In 2020 due to the heavy influence of the pandemic, on average the 10 countries with top brands in the world suffered, and so have regional countries like Indonesia, Malaysia, and the Philippines.
From a global perspective, Vietnam’s national brand has the fastest growth rate in the world, bringing Vietnam to 33rd on the list of the 100 most valuable national brands, according to leading brand value firm Brand Finance.
As per the Global Soft Power Index Report 2021 by Brand Finance, Vietnam is the only country in ASEAN to be upgraded compared to 2020 in the global soft power ranking. The position of Vietnam has also improved by 2.5 points, increasing by three ranks, from 50 out of 60 in 2020 to 47 out of 105 ranked nations in 2021.
Samir Dixit, managing director of Brand Finance Asia-Pacific commented, “Vietnam is considered a bright spot thanks to a remarkable increase in national brand values and economic and social results achieved in the past year.”

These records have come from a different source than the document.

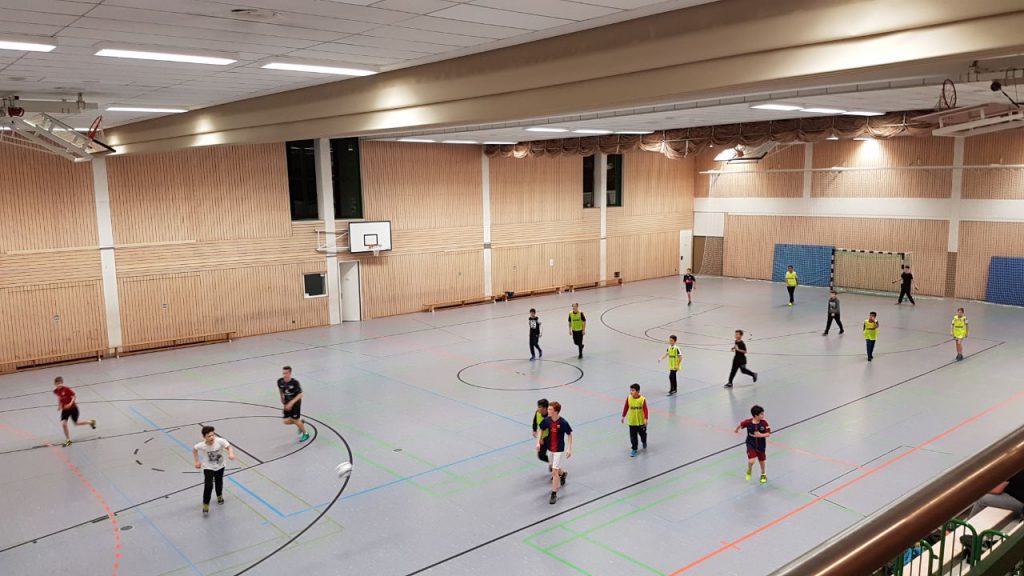Mitternachtsfußball bei mobflo – Saisonstart 2025/26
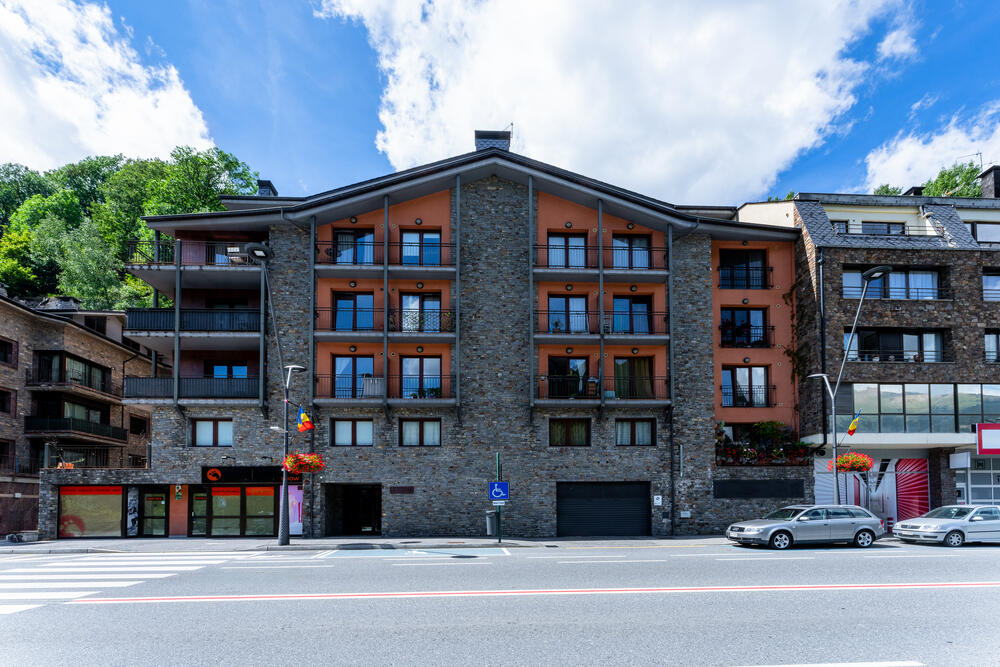 Valira nuevo Gran apartamento 4PAX en la Massana Apartamento La Massana Valira nuevo Gran apartamento 4PAX en la Massana Apartamento La Massana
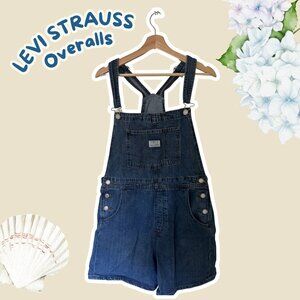Levi's Short Overalls (Shortalls)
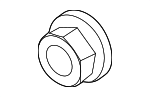1327006007K - Body: Impact Bar Nut for Kia Image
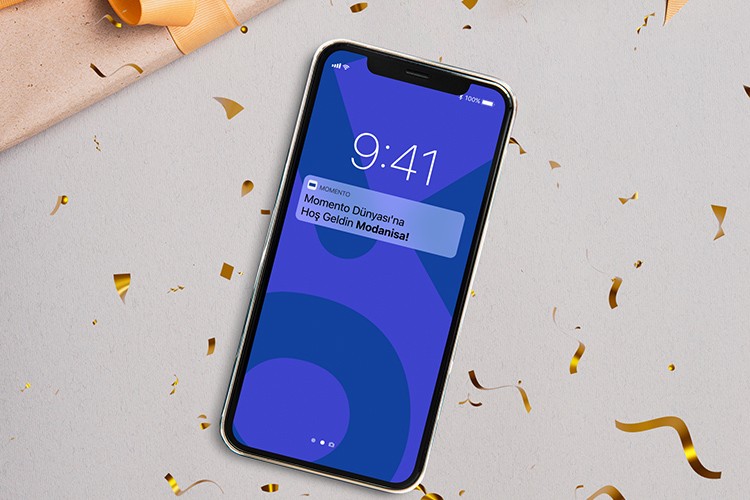 Modanisa Momento hediye cüzdanlarında yerini aldı!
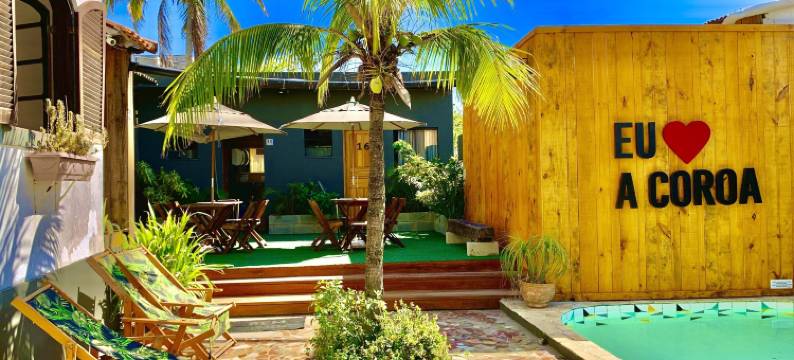 寇罗亚青年旅舍(A Coroa Hostel & Suites)图片
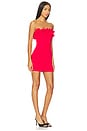 view 2 of 3 Cristina Mini Dress in Red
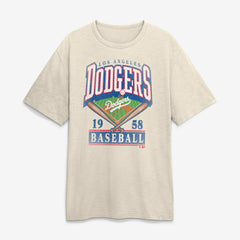 MLB Los Angeles Dodgers Fanatics Stadium Slub T-Shirt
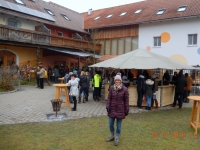 Weihnachtsmarkt Seminarhof Schleglberg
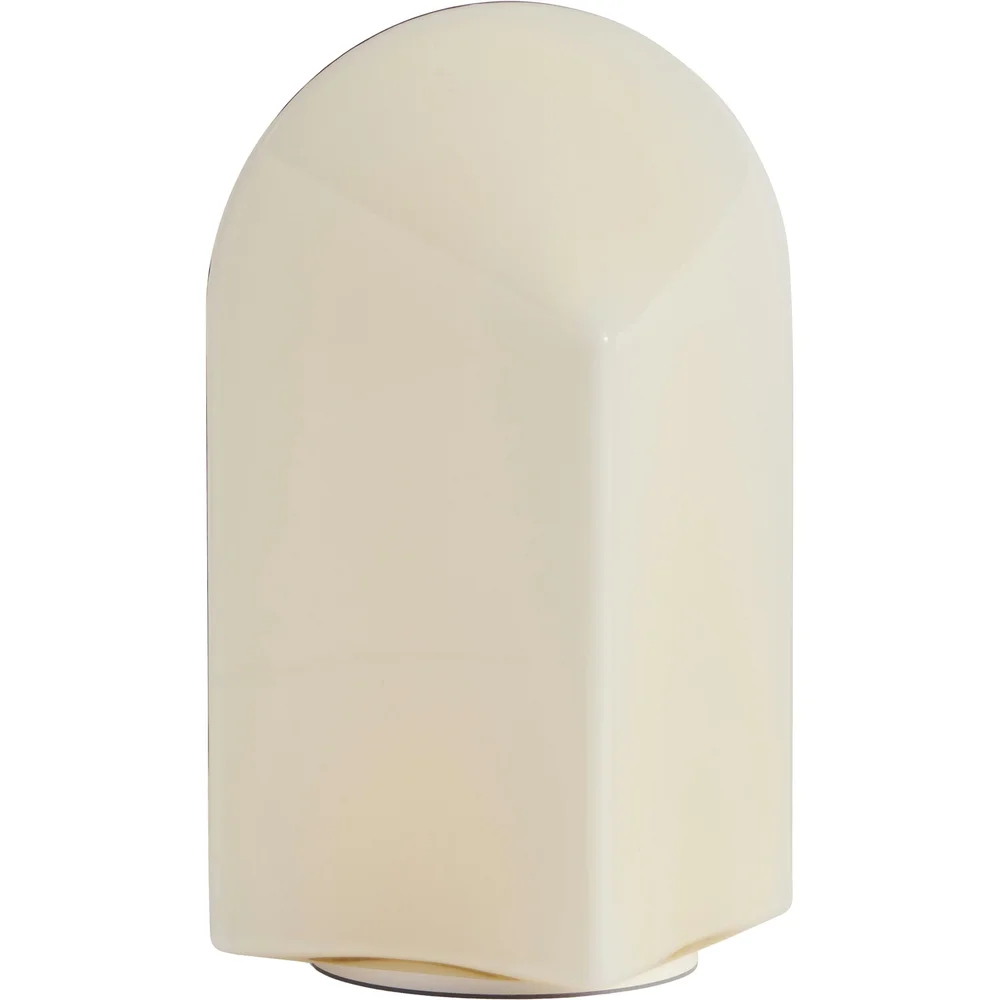 Parade 240 Bordlampe Bærbar, Shell White v:1553987 Parade 240 Bordlampe Bærbar, Shell White v:1553987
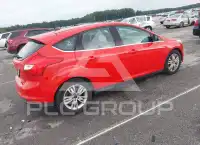 2012 Ford FOCUS фото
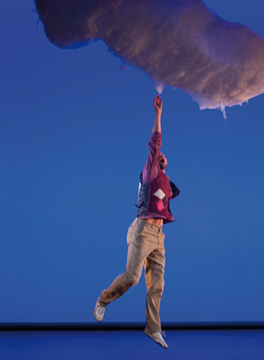 Monde (quand je ferme) - Compagnie Nats Nus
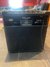 Rickenbacker Road 35B/amp , Black: Full Instrument - Rear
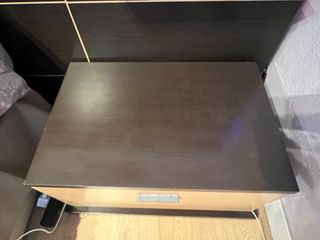 Cómoda y cajoneras(mesita de noche)
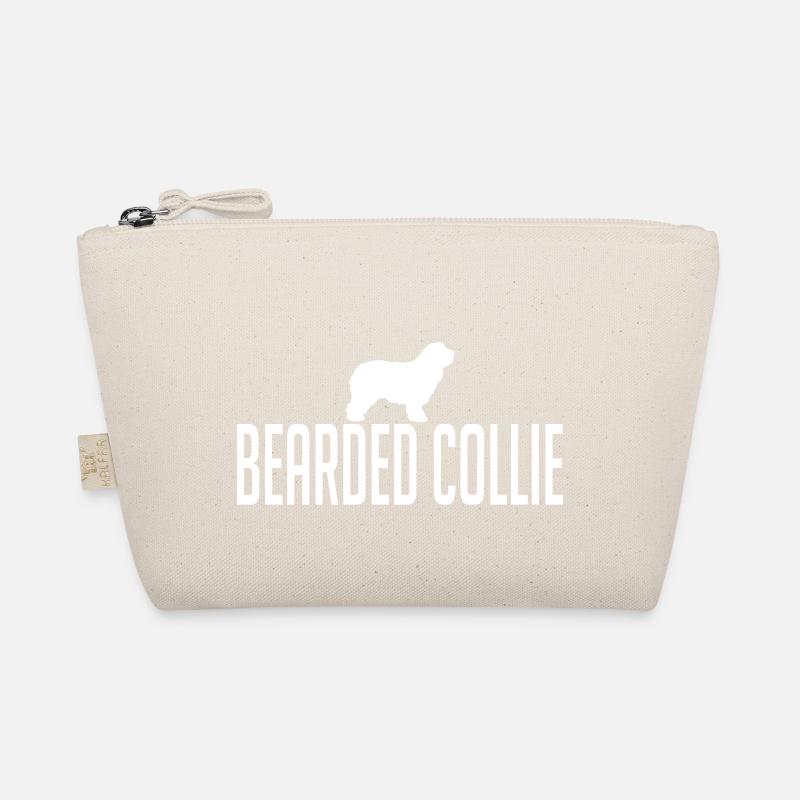 race de chien bearded collie Trousse biologique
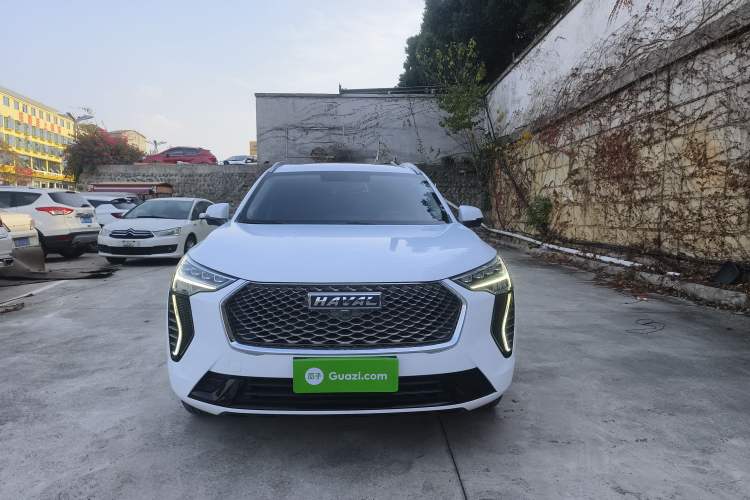 Used Haval JOLION 2021 1.5T Automatic Grand Three-Volume Version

Vietnam has been striving to enhance the position of local brands in the international market through proactively participating in regional and global free trade agreements (FTA). Ngo Chung Khanh, deputy director of the MoIT’s Multilateral Trade Policy Department, noticed that the signing and implementation of new generation FTAs have put Vietnam among the leading countries in the process of economic integration in the Asia-Pacific region.
According to Khanh, Vietnam will carve out a special position as these FTAs enhance the country’s position in ASEAN and internationally, creating opportunities for businesses to expand their export markets and participate more deeply in global production and supply chains.
Participation in FTAs opens new opportunities but there are also many unpredictable factors. Vu Ba Phu, general director of the Vietnam Trade Promotion Agency and head of the Secretariat of the Vietnam Value Programme, said that to make good use of these opportunities, it is necessary to recognise the limitations of national brand development for products as well as corporates.
“Enterprises need efforts, determination, and creativity to quickly build and strongly develop their national brands. Besides this, businesses need to build a strategic direction to promote the strength of national brands methodically, especially in the digital age. They also need to prioritise investment in scientific and technological development,” Phu added.